Data in this exercise Start Marker

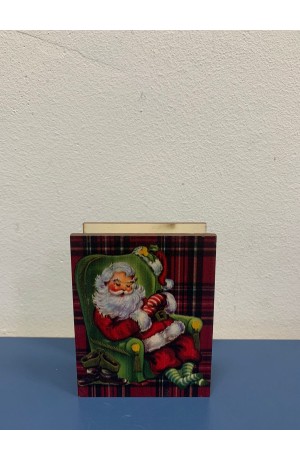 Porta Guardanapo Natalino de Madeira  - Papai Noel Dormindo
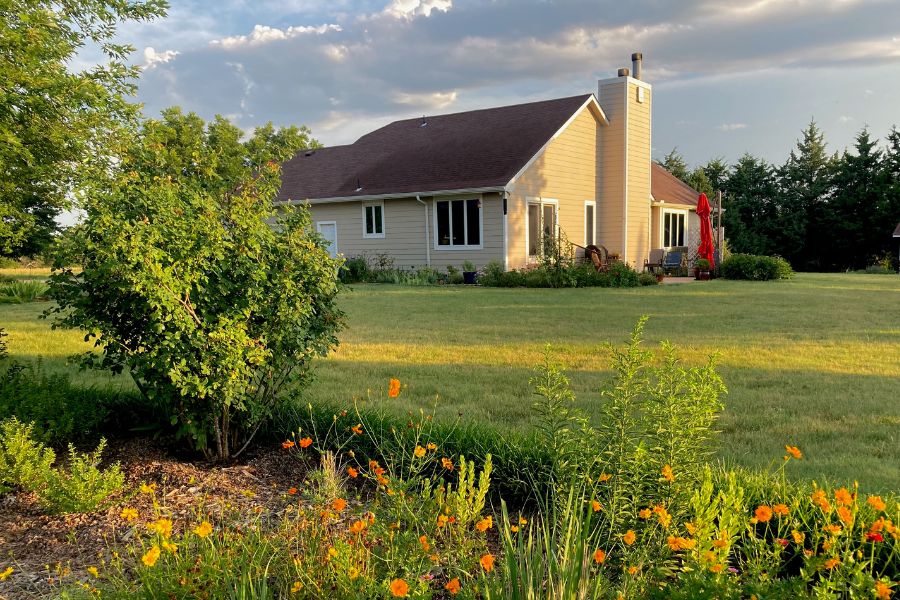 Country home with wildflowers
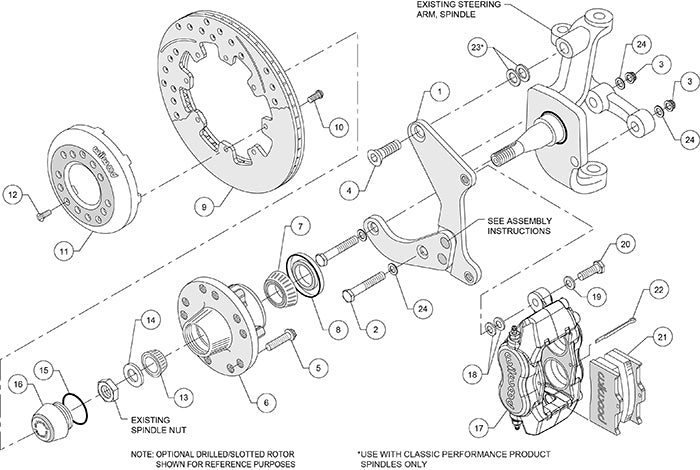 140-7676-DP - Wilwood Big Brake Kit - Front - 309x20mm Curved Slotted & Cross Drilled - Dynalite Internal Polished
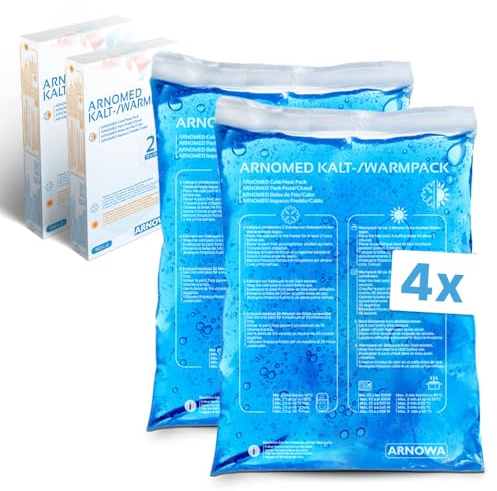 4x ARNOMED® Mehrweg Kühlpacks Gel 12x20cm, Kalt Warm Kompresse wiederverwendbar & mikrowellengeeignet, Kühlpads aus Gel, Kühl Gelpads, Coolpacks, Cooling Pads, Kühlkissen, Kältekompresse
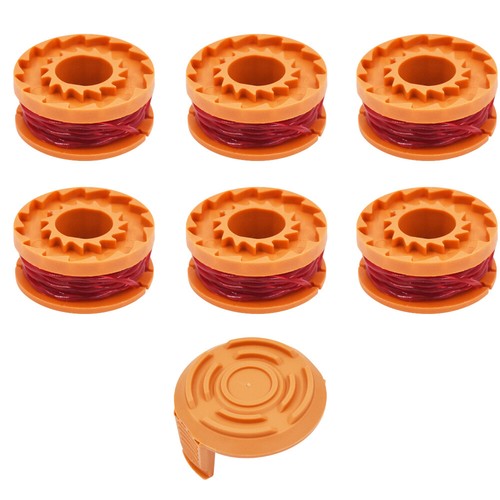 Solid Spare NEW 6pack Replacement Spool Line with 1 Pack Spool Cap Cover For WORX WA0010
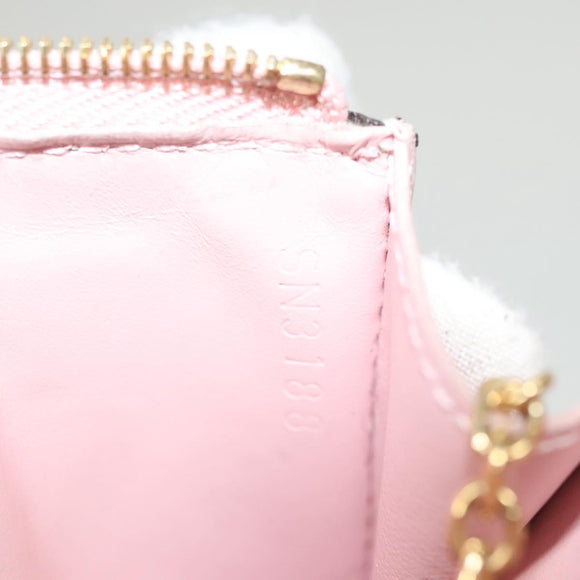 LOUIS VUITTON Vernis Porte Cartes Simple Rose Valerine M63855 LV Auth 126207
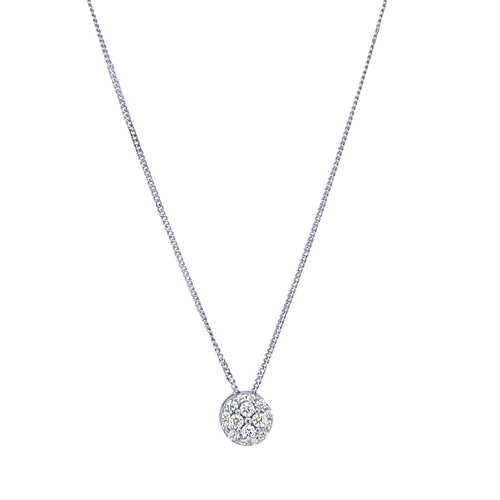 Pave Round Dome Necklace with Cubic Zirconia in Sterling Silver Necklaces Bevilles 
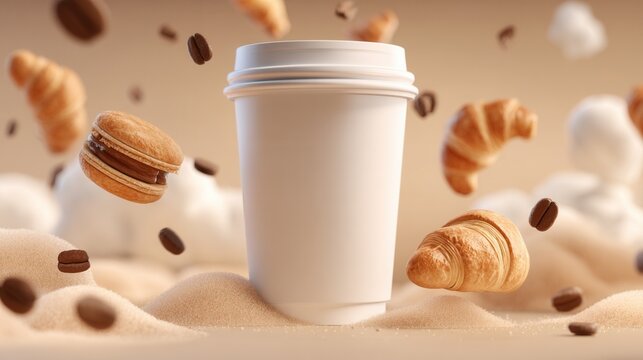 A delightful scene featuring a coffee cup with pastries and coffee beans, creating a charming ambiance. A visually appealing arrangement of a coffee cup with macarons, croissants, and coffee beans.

Data in this exercise End Marker
Data in this exercise Start Marker

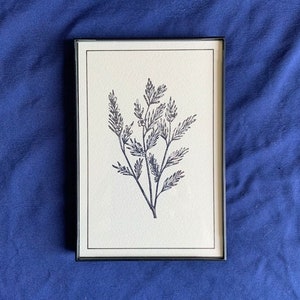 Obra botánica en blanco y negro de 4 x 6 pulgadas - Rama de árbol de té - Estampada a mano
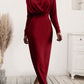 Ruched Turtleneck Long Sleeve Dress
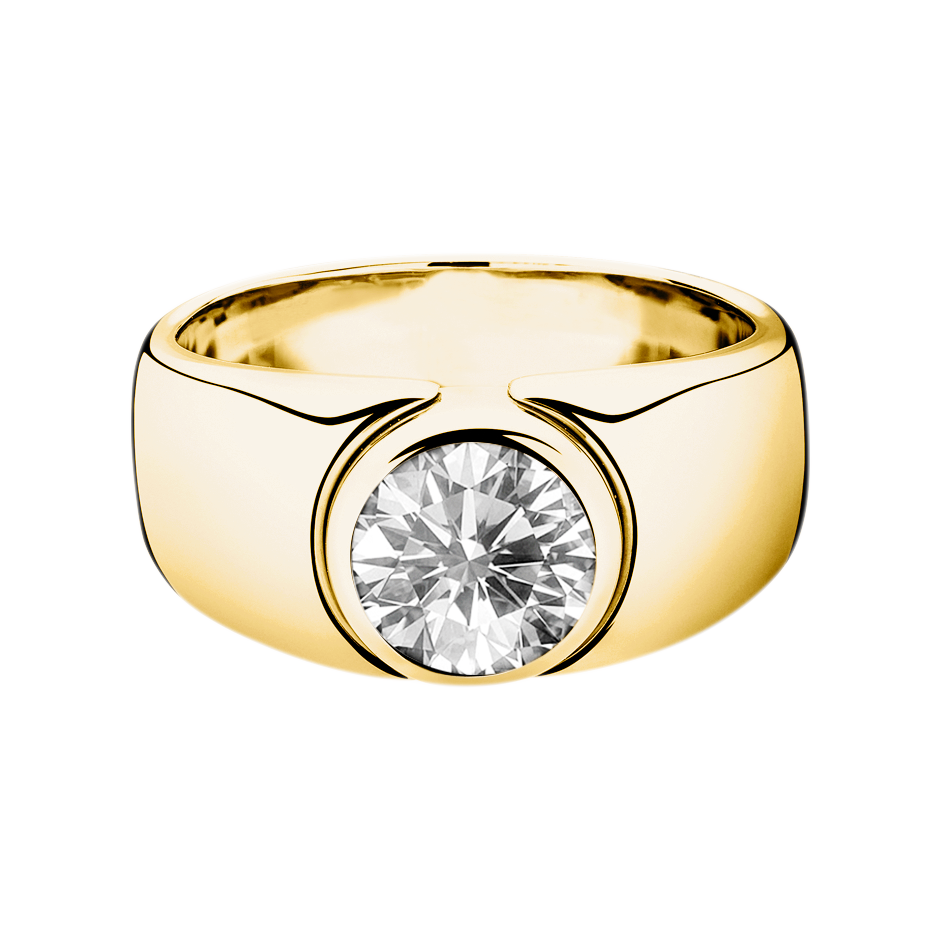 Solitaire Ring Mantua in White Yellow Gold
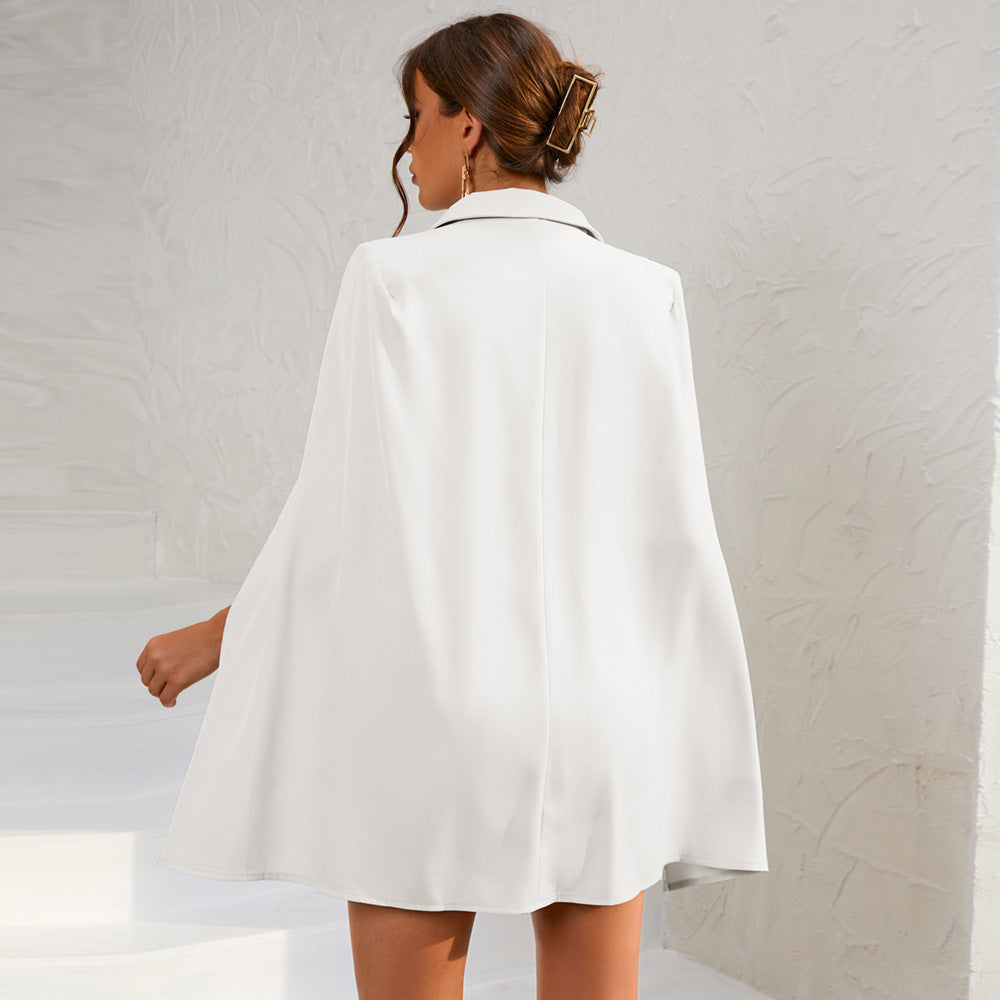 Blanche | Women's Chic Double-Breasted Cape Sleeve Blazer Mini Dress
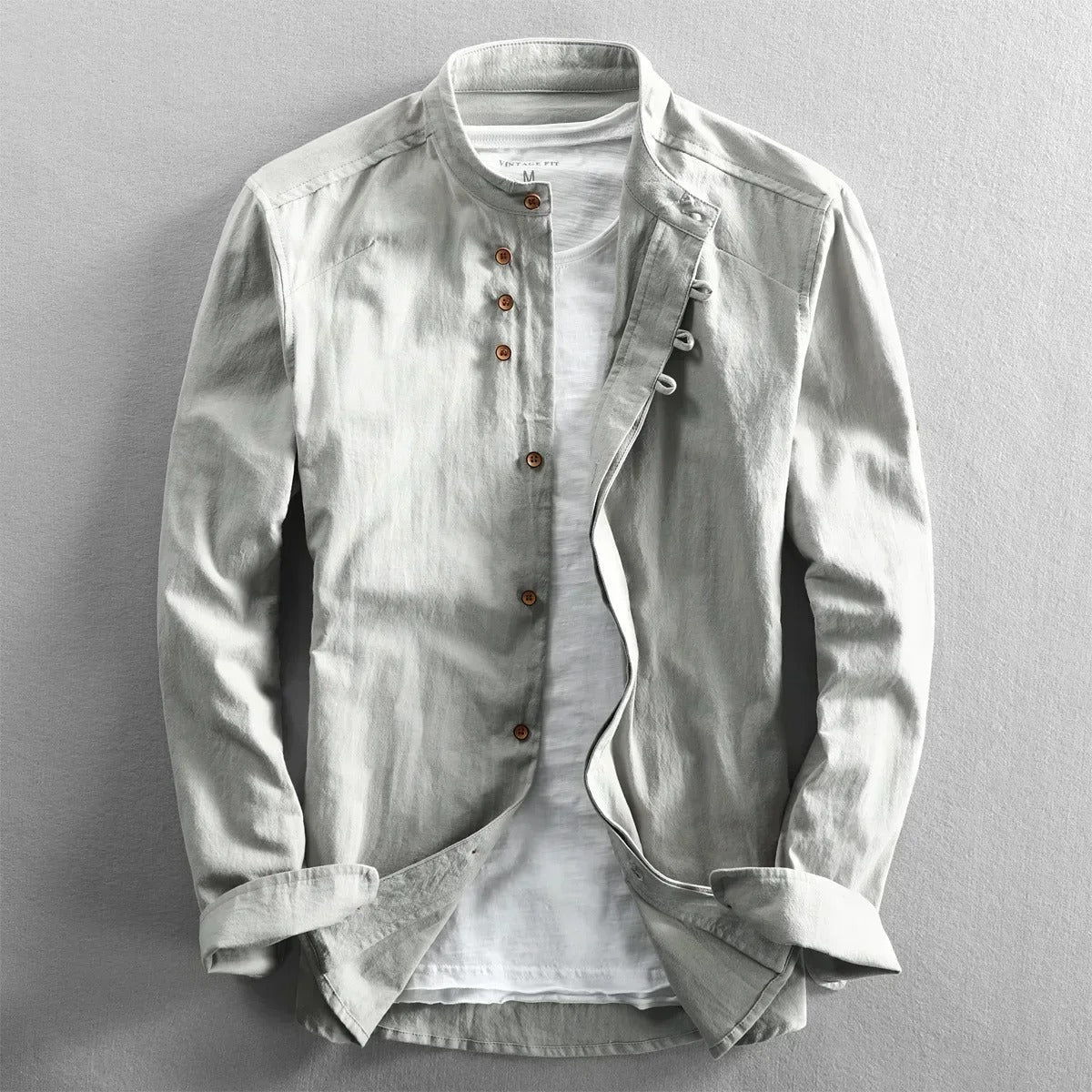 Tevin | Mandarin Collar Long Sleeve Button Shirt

Data in this exercise End Marker

* _Exercise brief_
In the data above, take the line with "Solid Spare NEW", the line with "A delightful scene", and every line between, and set them down exactly without pictures.

* _Your solution_
 Solid Spare NEW 6pack Replacement Spool Line with 1 Pack Spool Cap Cover For WORX WA0010
 LOUIS VUITTON Vernis Porte Cartes Simple Rose Valerine M63855 LV Auth 126207
 Pave Round Dome Necklace with Cubic Zirconia in Sterling Silver Necklaces Bevilles 
 A delightful scene featuring a coffee cup with pastries and coffee beans, creating a charming ambiance. A visually appealing arrangement of a coffee cup with macarons, croissants, and coffee beans.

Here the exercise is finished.